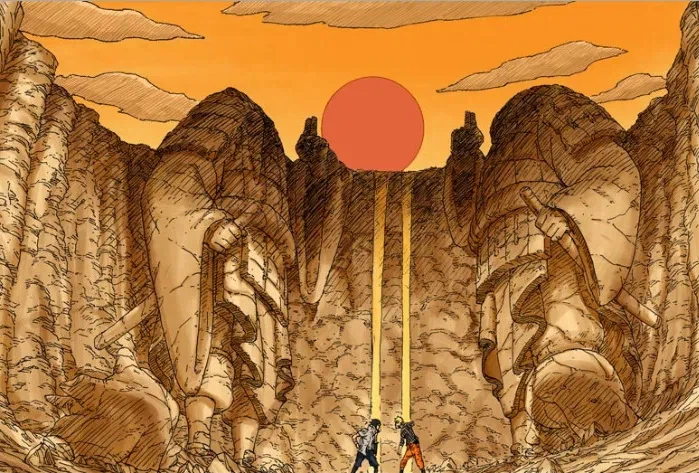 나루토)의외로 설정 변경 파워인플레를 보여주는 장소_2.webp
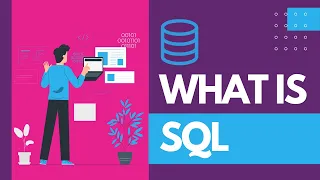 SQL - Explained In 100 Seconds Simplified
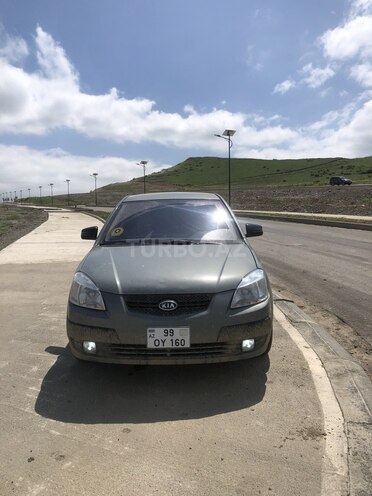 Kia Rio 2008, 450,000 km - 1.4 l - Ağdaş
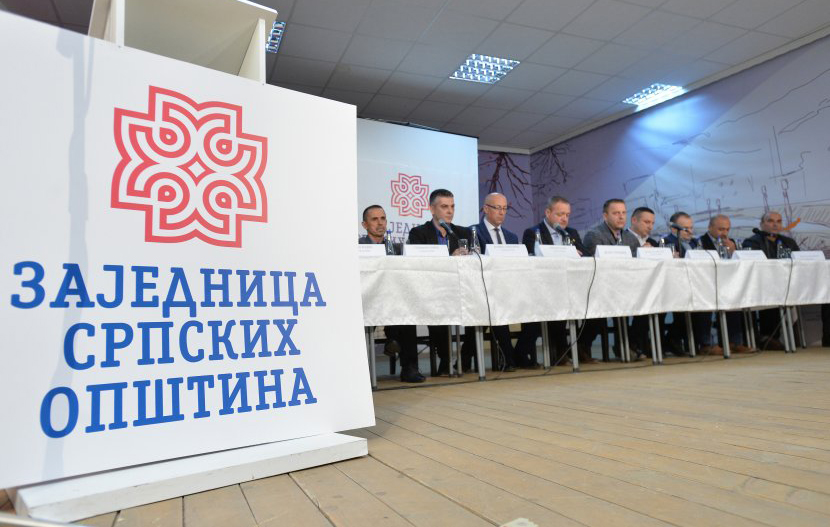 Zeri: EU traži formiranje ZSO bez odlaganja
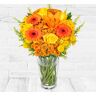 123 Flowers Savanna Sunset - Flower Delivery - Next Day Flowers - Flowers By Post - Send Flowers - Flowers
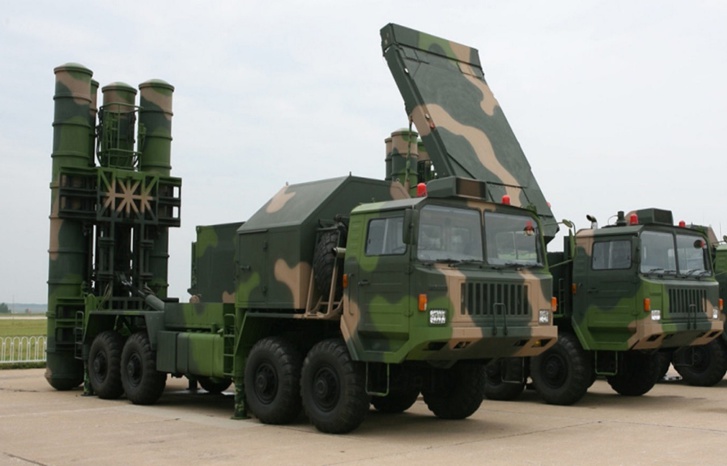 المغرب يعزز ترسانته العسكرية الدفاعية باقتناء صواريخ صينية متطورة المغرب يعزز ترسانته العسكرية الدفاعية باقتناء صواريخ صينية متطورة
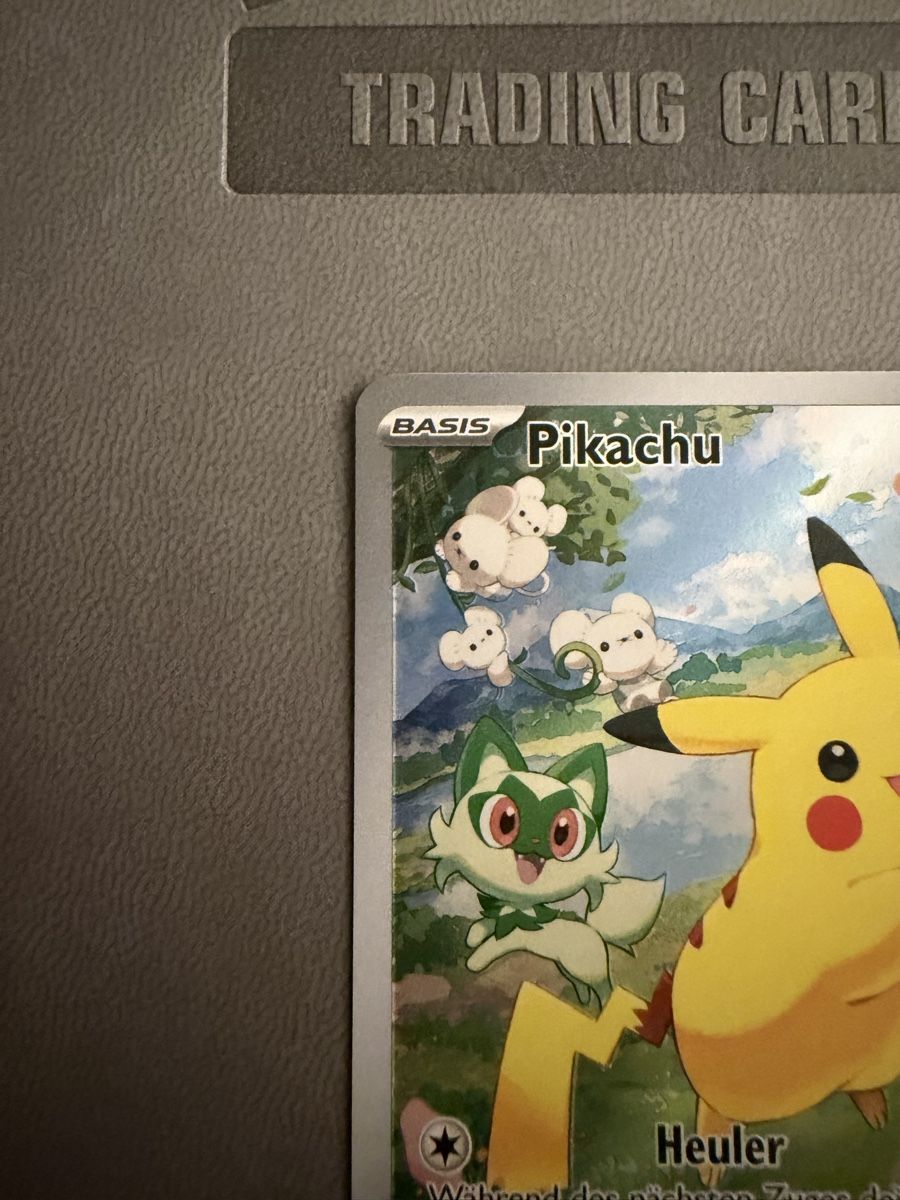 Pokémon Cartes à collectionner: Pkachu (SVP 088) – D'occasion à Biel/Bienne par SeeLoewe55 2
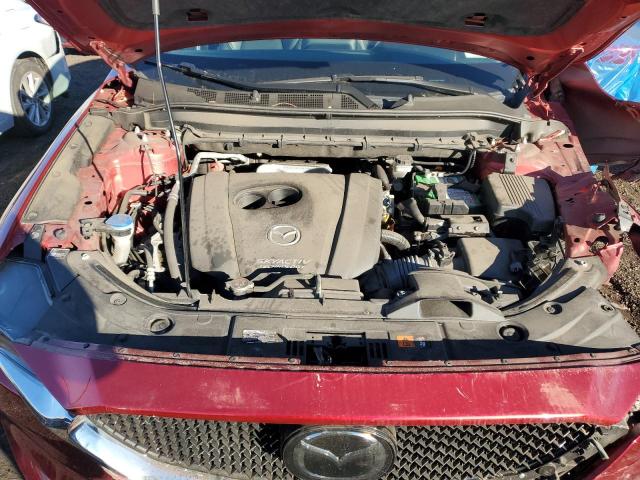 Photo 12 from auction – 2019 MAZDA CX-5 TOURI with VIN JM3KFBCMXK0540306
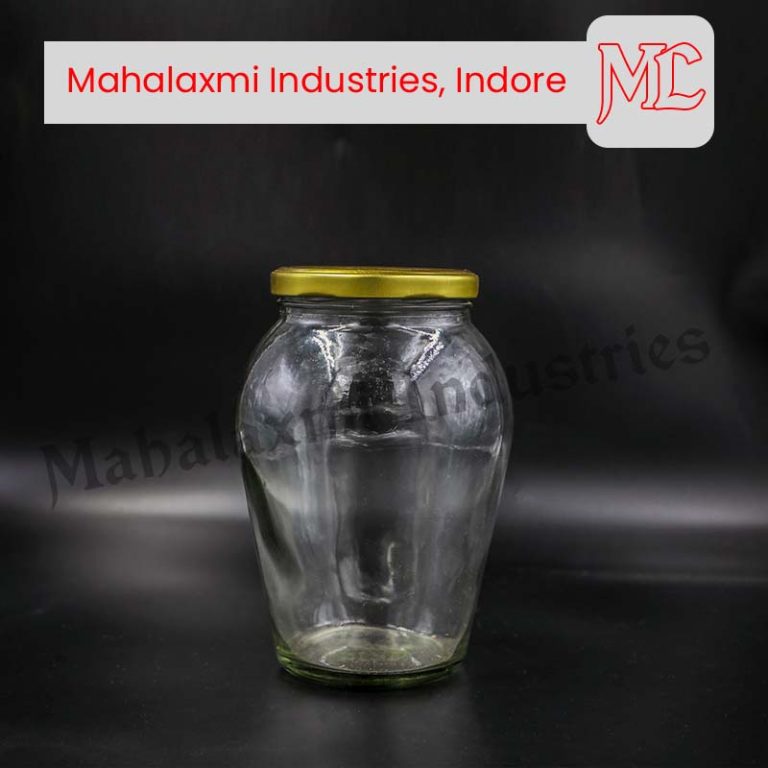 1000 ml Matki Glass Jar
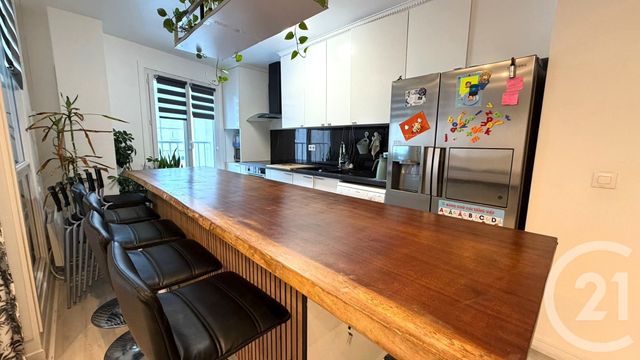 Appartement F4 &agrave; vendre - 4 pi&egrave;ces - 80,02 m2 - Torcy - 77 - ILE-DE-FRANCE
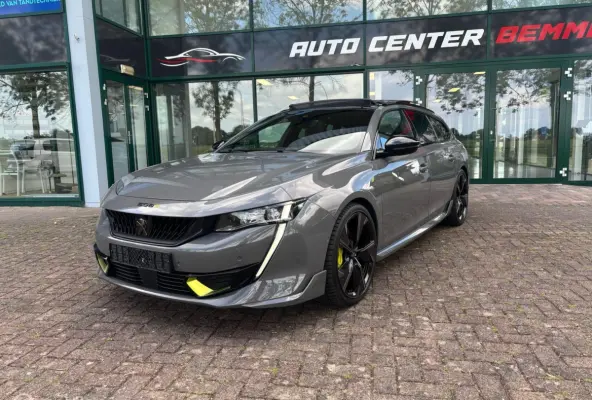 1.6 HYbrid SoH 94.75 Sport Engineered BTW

Goal of the exercise
In the data, the line that contains "1000 ml Matki Glass Jar" begins the part to write out; restate it and each line after it word for word through the end, with no pictures.

Worked solution
 1000 ml Matki Glass Jar
 Appartement F4 &agrave; vendre - 4 pi&egrave;ces - 80,02 m2 - Torcy - 77 - ILE-DE-FRANCE
 1.6 HYbrid SoH 94.75 Sport Engineered BTW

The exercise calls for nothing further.